Propofol TCI Administered by Gastroenterologists During Endoscopy: a Randomized Double Blind Controlled Study

Phase 4

Completed

• Conditions: Propofol; Target Controlled Infusion; Moderate Sedation; Gastrointestinal Endoscopy
• Interventions: Drug: Propofol; Drug: Midazolam; Device: Target Controlled Infusion

• Registration Number: NCT01941888
• Lead Sponsor: Ospedale San Raffaele

Brief Summary

Many studies address safety and effectiveness of non-anesthesiologist propofol sedation (NAPS) for GI endoscopy. Target Controlled Infusion (TCI) is a sophisticated tool for providing optimal sedation regimen and avoiding under or oversedation.

This randomized double blind controlled study compares standard moderate sedation level of sedation (group S) during upper endoscopy (EGD) and colonoscopy (CS) versus propofol NAPS (group P).

Detailed Description

70 CS and 70 EGD ASA I-II patients were studied.
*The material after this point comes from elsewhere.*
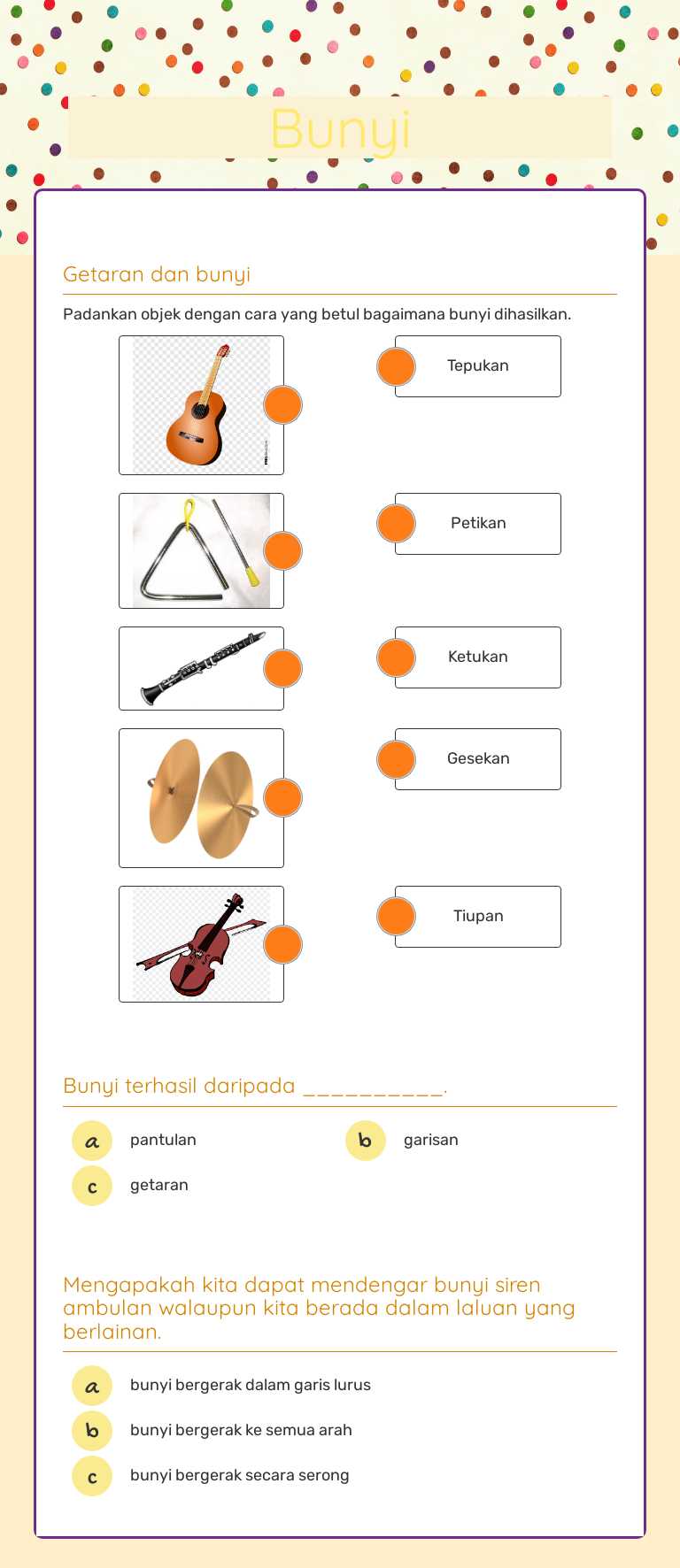 Bunyi worksheet preview image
In group S (n=70) we administered fentanyl (1μg/kg) + midazolam (0.04-0.03 mg/kg) for CS and midazolam (0.04-0.03 mg/kg) for EGDS and in group P (n=70) fentanyl 1µg/Kg + propofol TCI 1.2-1.6 μg/ml for CS and propofol TCI 1.2-1.6 μg/ml for EGD. Vital parameters and Observer's Assessment of Alertness and Sedation Scale (OAA/S) were monitored throughout the study. Endoscopist's and patient's satisfactions were measured after procedure and 24-72 h later by visual analog scale (VAS).

Study Timeline

• Study Start: 2012-05
• Primary Completion: 2013-03
• Study Completion: 2013-03
• Status Verified: 2013-09
• Study First Submitted: 2013-09-03
• Study First Submitted QC: 2013-09-10
• Last Update Submitted: 2013-09-10
• Study First Posted: 2013-09-13
• Last Update Posted: 2013-09-13

Recruitment & Eligibility

• Status: COMPLETED
• Sex: All
• Target Recruitment: 140

Inclusion Criteria

• age >18 yrs
• ASA (American Society of Anesthesiologists risk class III-IV)I-II
• patients undergoing to gastroscopy or colonoscopy

Exclusion Criteria

• significant systemic disease (American Society of Anesthesiologists risk class III-IV)
• history of allergic reactions to any of the study drugs
• chronic use of opioid analgesics
• psychiatric disorder
• pregnancy
• difficult airways (Mallampati score >2)
• age <18 yrs

Study & Design

• Study Type: INTERVENTIONAL
• Study Design: PARALLEL

Arm && Interventions

Group	Intervention	Description
propofol	Propofol	Patients in Group Propofol(n=70) were seated with propofol target concentration 1.2-1.6 µg/ml. Patients in both groups undergoing CS received also iv fentanyl (1μg/Kg) for pain control.
propofol	Target Controlled Infusion	Patients in Group Propofol(n=70) were seated with propofol target concentration 1.2-1.6 µg/ml. Patients in both groups undergoing CS received also iv fentanyl (1μg/Kg) for pain control.
midazolam	Midazolam	Control Group: patients in Group midazolam (n=70) were sedated with midazolam 0.04 mg/kg if aged\< 70 - 0.03 mg/kg if aged\> 70. Patients in both groups undergoing CS received also iv fentanyl (1μg/Kg) for pain control.

Primary Outcome Measures

Name	Time	Method
Endoscopist's VAS (Visual Analog Scale) satisfaction about propofol TCI moderate sedation	one day	Endoscopist's satisfaction was measured after endoscopic procedures by visual analog scale (VAS 0-100).
Patient's VAS (Visual Analog Scale) satisfactions about propofol TCI moderate sedation	one day	Patient's satisfactions were measured after endoscopic procedures and 24-48 hours later by visual analog scale (VAS 0-100).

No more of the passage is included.